Tarım bölgelerinde faaliyet gösteren bayilerimizin önemli bir kısmı
çiftçiye vadeli yakıt veriyorlar.
Dağıtım şirketlerinin bayilere uyguladıkları vadeleri tamamen
kaldırarak peşin parayla yakıt satma yoluna gitmeleri bu sorunu daha da
ağırlaştırdı.
Bayilerin bu yükün altından kalkması mümkün değil.
Finansman sıkıntısı bu şiddette devam ettiği takdirde, özellikle satışı
düşük olan, kırsal bölgelerde faaliyet gösteren akaryakıt bayilerinin yakıt
alıp faaliyetlerini sürdürmelerine imkan olamayacaktır.
Petrol piyasası mevzuatına göre 6 ay pompadan satış yapılmadığı
takdirde istasyonların lisansları sona erdirilmektedir.
Yılın 365 günü, günün 24 saati vatandaşlara hizmet veren
istasyonlarımızın yarattıkları istihdam ve katma değer, özverili bir şekilde
vergi tahsildarı gibi çalışarak hazineye topladığı vergiler göz önüne alınarak
akaryakıt bayilerine özel kredi imkanı sağlanmalıdır.

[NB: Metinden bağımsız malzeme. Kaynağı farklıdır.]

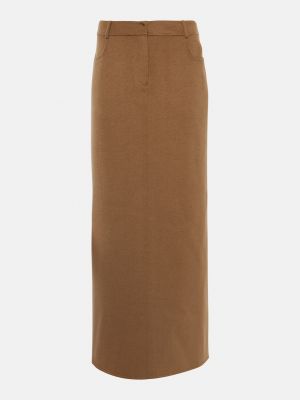 Шерстяная длинная юбка The Frankie Shop коричневая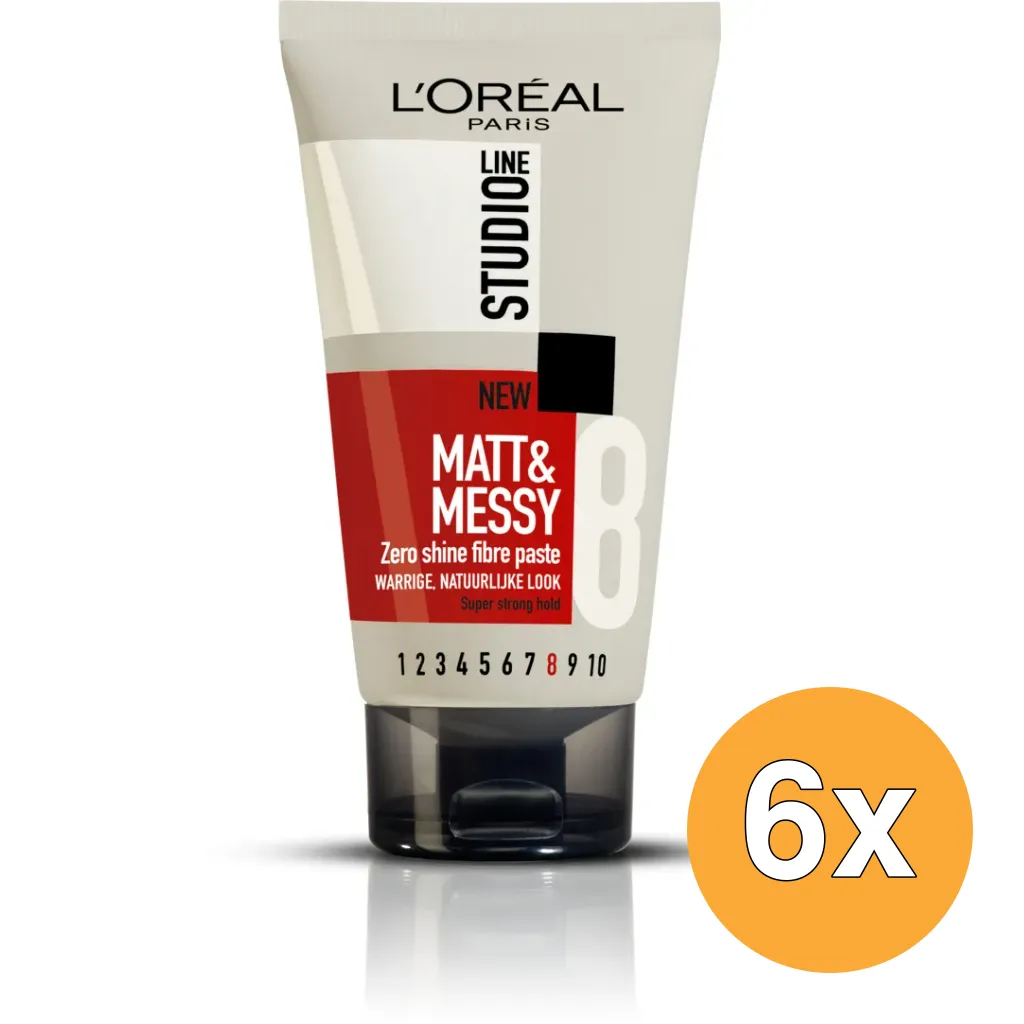 6x L'Oréal Paris Studio Line Matt Messy Shine Free Paste (150 ml)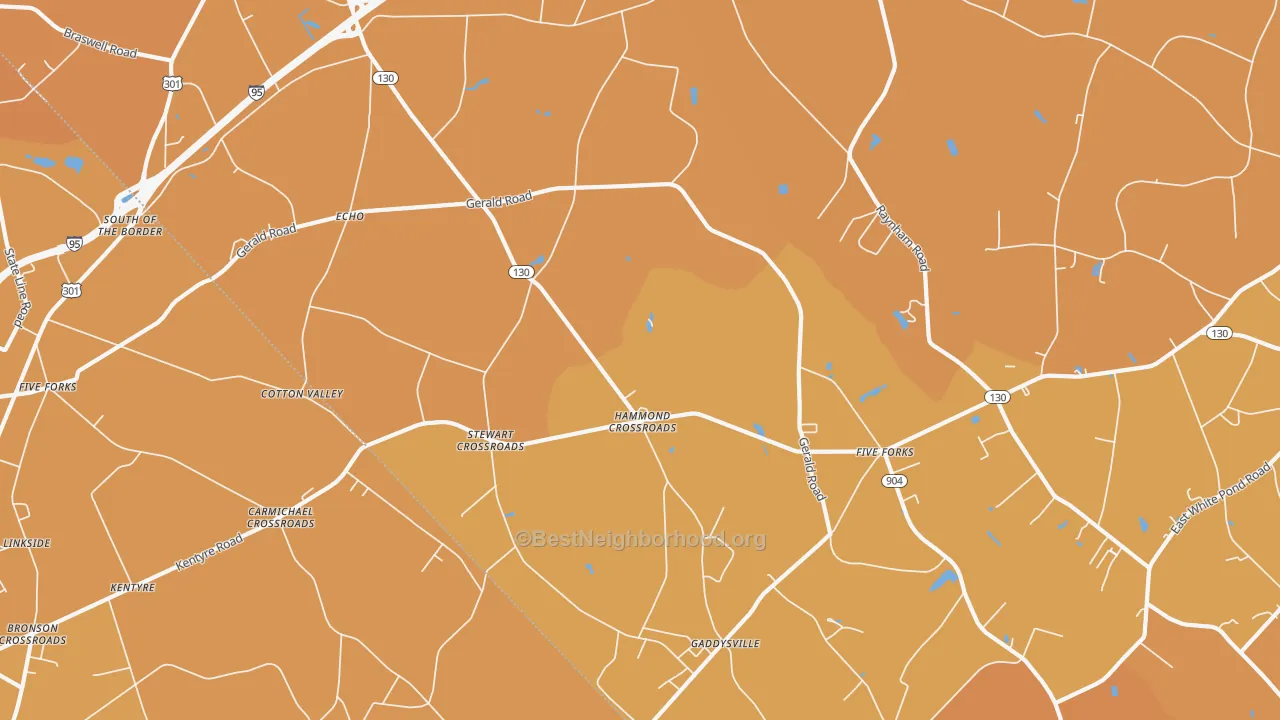 Map of the best neighborhoods in the Echo area, with better matches in green and worse matches in red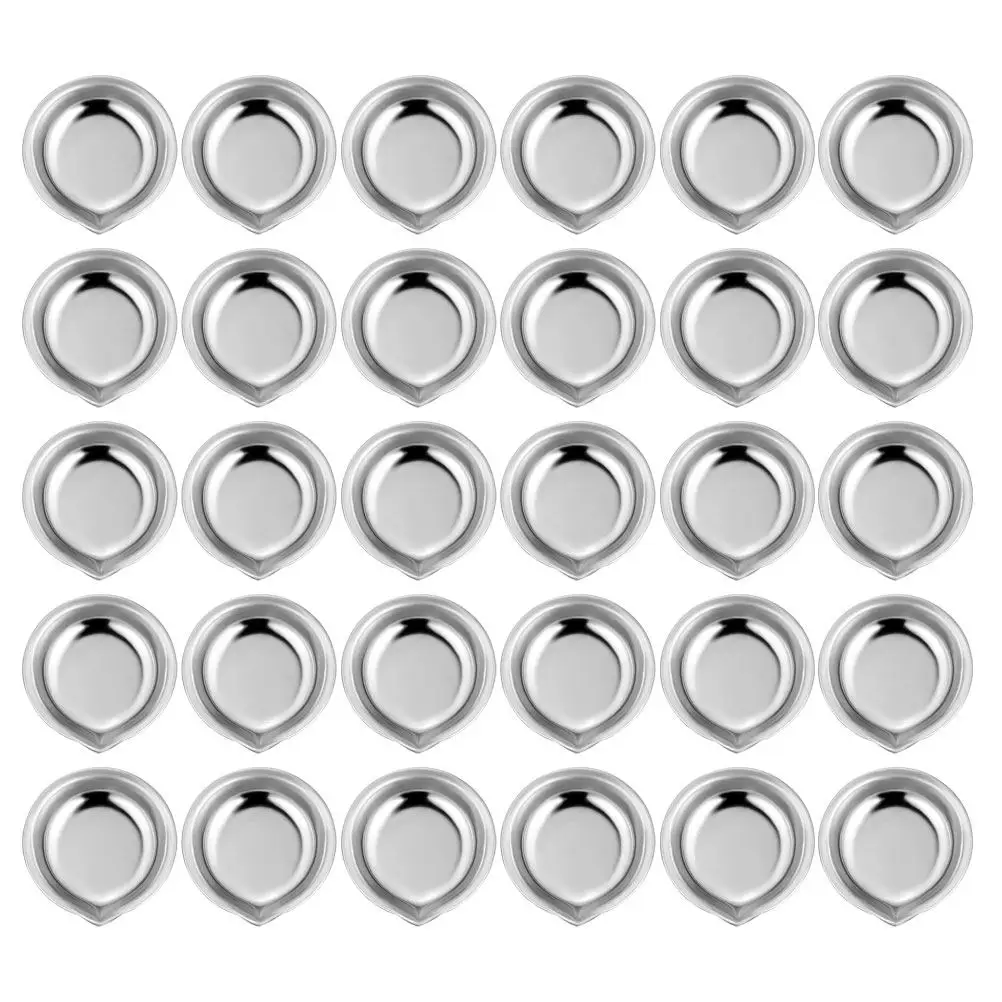 

30Pcs Stainless Steel Paint Mixing Palettes Compact Round Color Mixing Palette Tray Small Portable Artist Palette for Watercolor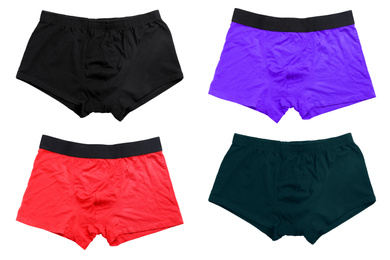 Image of Set of men's underwear on white background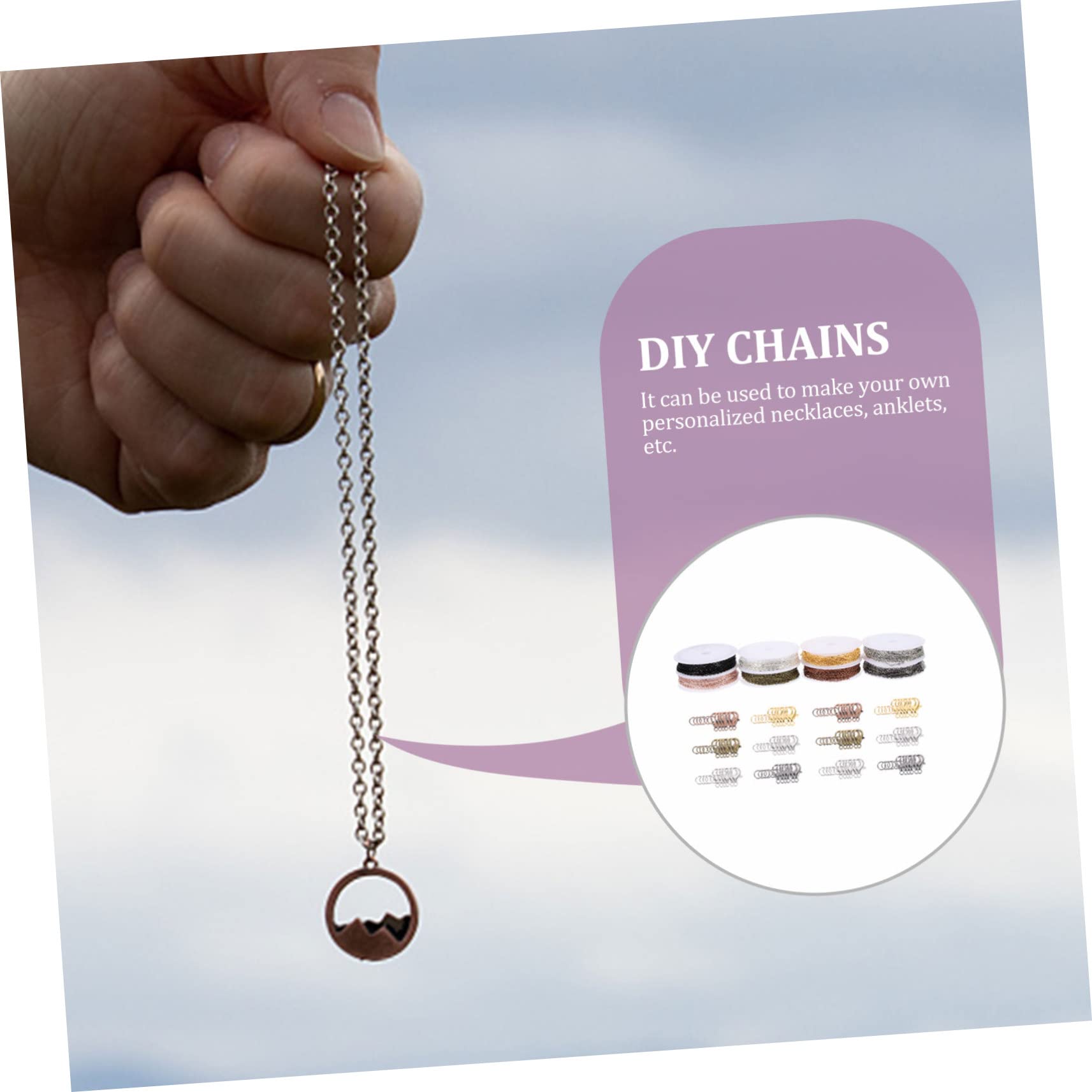 GARIOUANS DIY Schmuckset mit Ketten Karabiner und Öffnungsringen Farben Vielseitig für Schmuckherstellung und Bastelprojekte Hochwertige Langlebige Materialien für Kreative Designs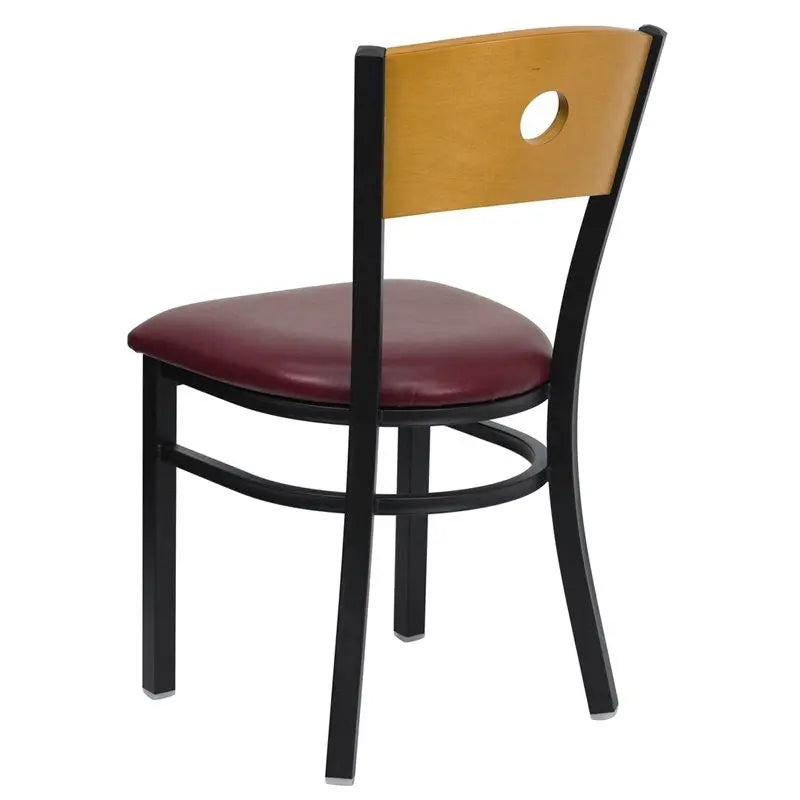 Dyersburg Metal Chair Black Circle Back, Natural Wood Back, Burgundy Vinyl Seat iHome Studio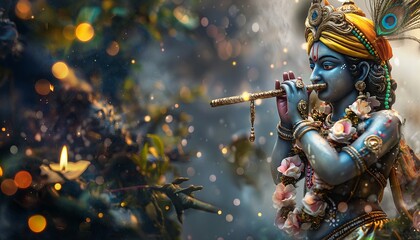 The statue of Lord Krishna playing the flute, decorated with garlands and candles around it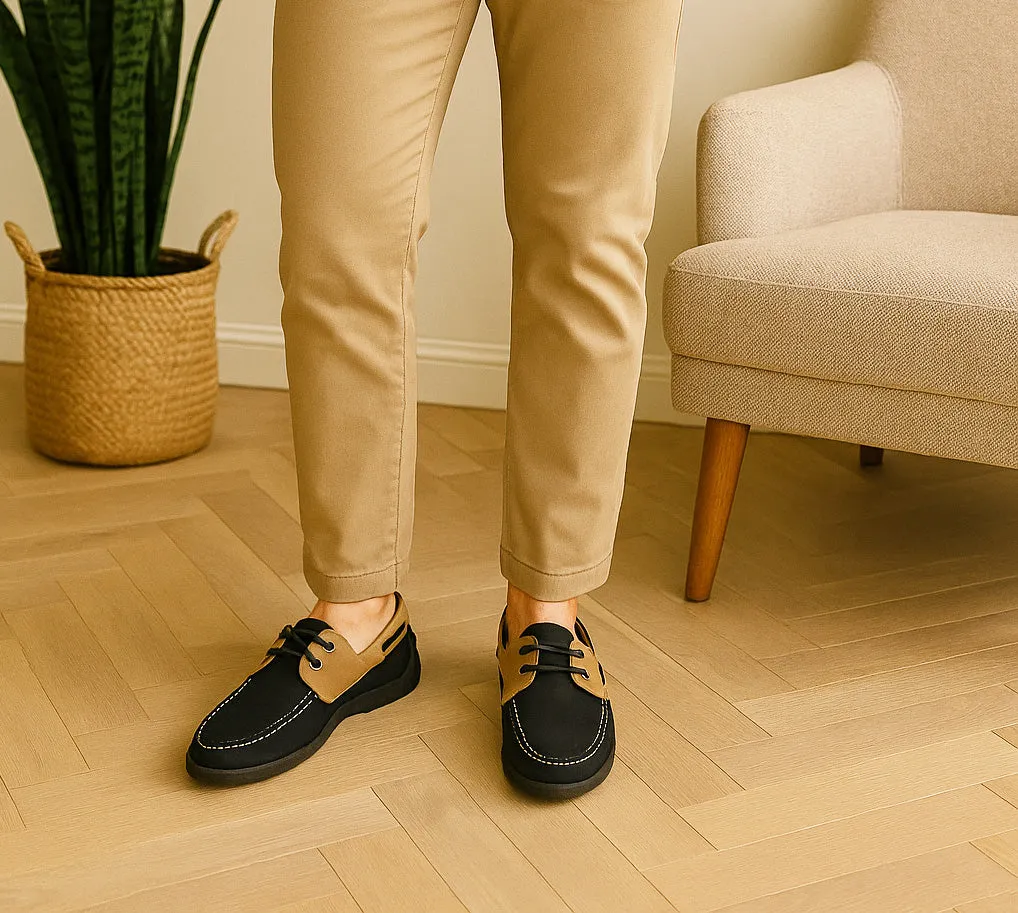 Mens Boat Shoes Lace Up Flat Deck Shoe Two Tone Casual Smart Gents Sailing Loafers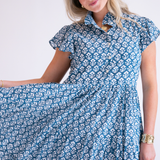 Lou Short Sleeve Flutter Midi Dress - Wavy Dark Teal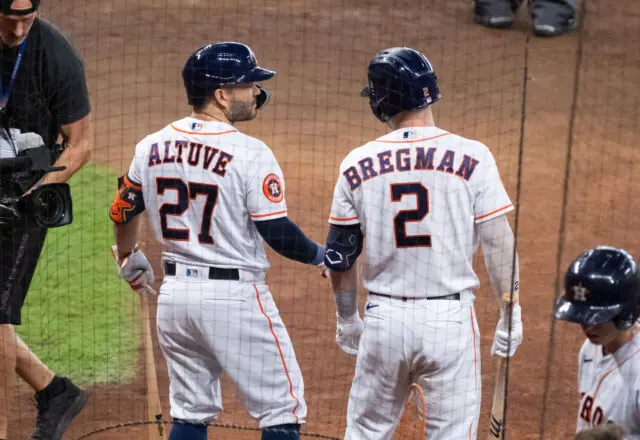 Jose Altuve and Alex Bregman are two of the Core Astros, the ones who were there for every step of this golden age of Houston baseball, (Photo by F. Carter Smith)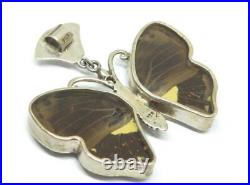 BUTTERFLY WINGS Sterling Silver BUTTERFLY Papillon Pendant REVERSIBLE -LARGE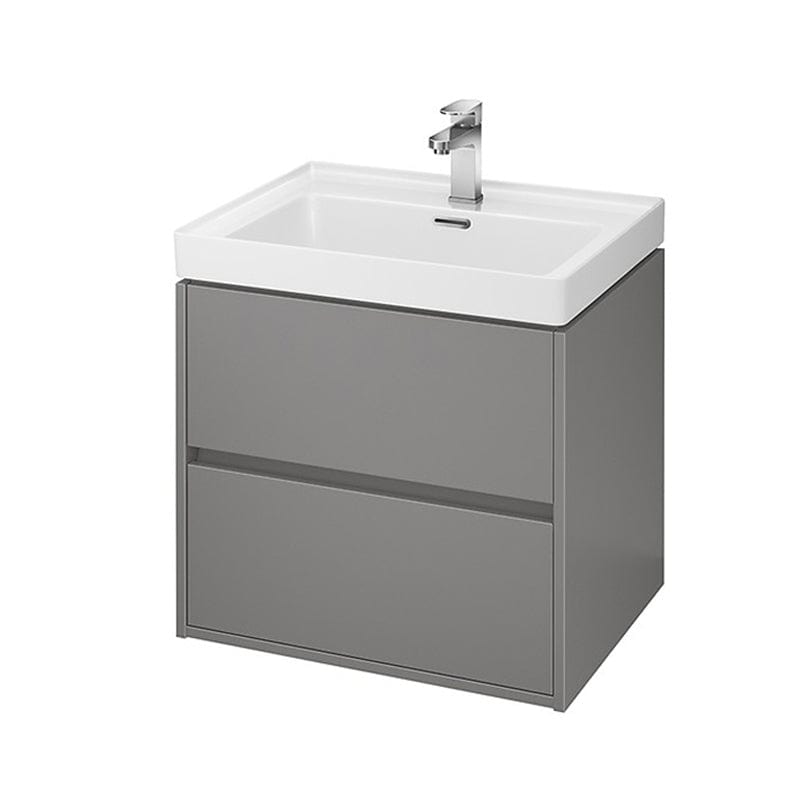 Mobilier suspendat Cersanit, Crea, cu două sertare, 60 cm, gri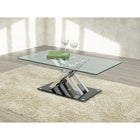 Brassex G-343 Cocktail Table, Silver/Black-Dimensions: 47.3 x 25.5 x 18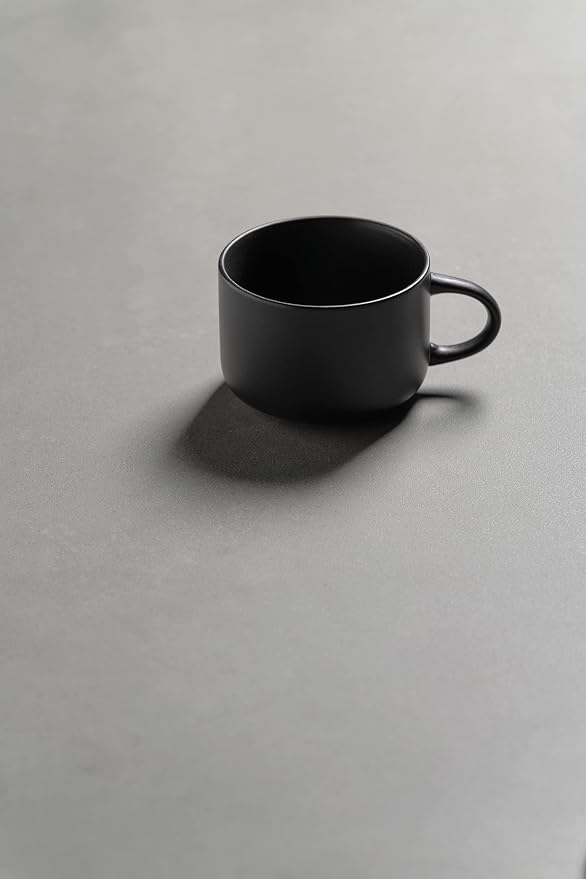 10 Strawberry Street Wazee Matte 4.75"/22 oz Oversized Mug, Set of 6, Black - Image 5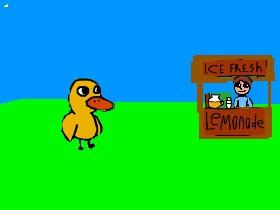 duck walked up to a lemonade stand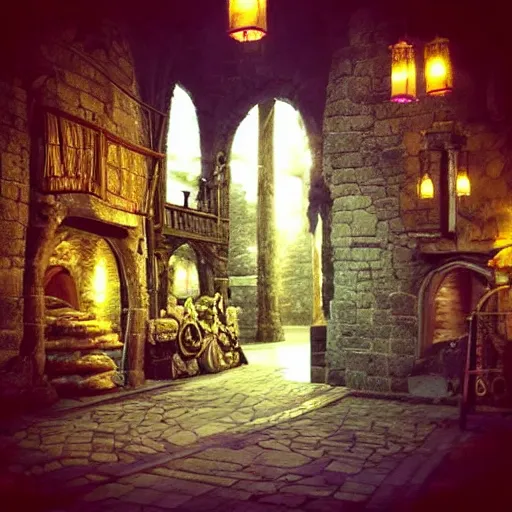 Image similar to “out for a walk in the castle marketplace. Epic high fantasy setting. Surreal lighting and depth”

Bu yapılmadığı takdirde bayilerimiz tefecilerin eline düşecek ve
istihdam yaratan, devletin tahsildarlığını yapan, vergisini son kuruşuna kadar
ödeyen akaryakıt bayileri istasyonlarını tefecilere bırakmak zorunda
kalacaktır.
“ÖTV VE KDV BİRLEŞTİRİLİRSE SEKTÖRÜMÜZDEKİ VERGİ KAÇAKÇILIĞI BİTER”
Sektörümüzün en büyük sorunlarından biri akaryakıt ürünleri üzerinden
yapılan vergi kaçakçılığıdır. Akaryakıt ürünlerinden alınan KDV’nin devlet
hazinesine değil, fatura ticareti yapılarak birilerinin cebine girmesine yol
açan bu kaçakçılık, bir yandan devletimizin vergi kaybına neden olurken, diğer
yandan da sektörümüzde haksız ve yıkıcı bir rekabete yol açmaktadır.
Devletimizin vergi kaybının önlenmesi, sektörümüzde yaratılan haksız ve
yıkıcı rekabetin sona erdirilmesi ve dış satışların kontrol altına alınması
için KDV ve ÖTV’nin birleştirilmesi talebimizin acilen değerlendirilmesini
talep ediyoruz.
‘BAYİLERİN KAR PAYLARI ACİLEN MAKTUDAN YÜZDEYE DÖNÜŞTÜRÜLMELİDİR’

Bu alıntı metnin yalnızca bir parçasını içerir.